Knowing about some of the features and limitations, and after testing generated content, here are some predictions that could change the game, or focus, for SEO professionals and brands focusing on organic search strategy:

  1. Focusing on image optimization will be key: With the snapshot displaying images along with the websites cited, not having an image on your pages could affect click-through rate (CTR) for your website. Make sure you have images on every important page of your website, and ensure they are optimized and tagged with schema.
  2. The role of the homepage might diminish: Make sure all pages of your website are optimized and that potential visitors understand who your brand is from any page they might land on. In multiple testing queries in SGE, even brand queries, we’ve noticed that website homepages were barely shown. This situation could be problematic if your homepage brings a large amount of traffic and a high CTR to your website.

For example, when searching “What is Banana Boat sunscreen,” SGE shows results from the brand linking to specific products; in traditional search results, the brand’s homepage occupies the No. 1 position. We’ve done multiple tests on these types of branded queries, and in most cases the results did not show a website’s homepage.

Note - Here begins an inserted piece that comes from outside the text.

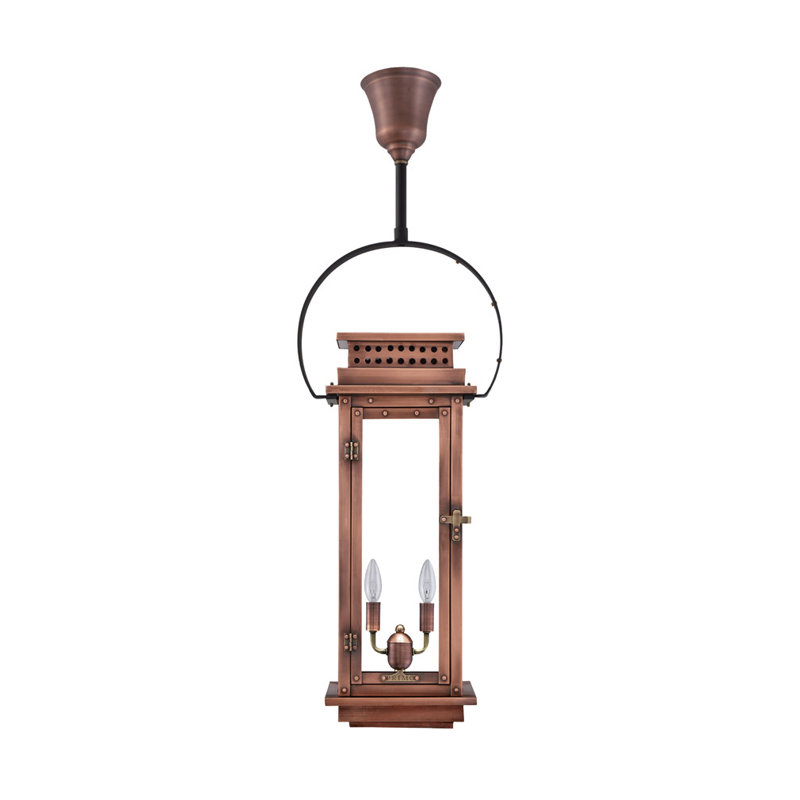 Nouveau Square / Rectangular Lantern, 23" H x 15" W x 13" D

  1. It is essential to implement structured data on your website: I hope this statement is not news for you and that you’ve already implemented structured data on your website. But if you haven’t, then here’s another reason to get it set up. For many of the queries tested, the first few results displayed had multiple schema markup implemented, whether it was image schema, article schema, organization schema, or product schema.
  2. Internal content relationships and context will be even more important: When adding content to your website, keep in mind content pillars, conversational queries, long-tail keywords, and the relational structure of content. Analyze questions your audience might ask about your product or service, and think about how these questions group together. These analyses should guide content creation. If you have Google Labs access to SGE, then start looking at follow-up questions as they relate to your brand.
  3. User-generated content (UGC) might be something to look into: With Google displaying more personal blogs with information from people trying a product or service, UGC might be a marketing strategy to invest in – although it is too early to tell how and how much this type of content would be shown in SGE.

Google’s Search Generative Experience platform is intended to deliver more interactive content to keep people engaged longer with Google and give them more information in a richer context. But only time will tell how and when SGE will be integrated within traditional organic search. Since it is still in an experimental stage and will be changing a lot, the end result might be unrecognizable from what we have access to today. And whether or not it will deliver a richer and more engaging experience for users, we in the SEO community know that change is coming – and we should be prepared for it.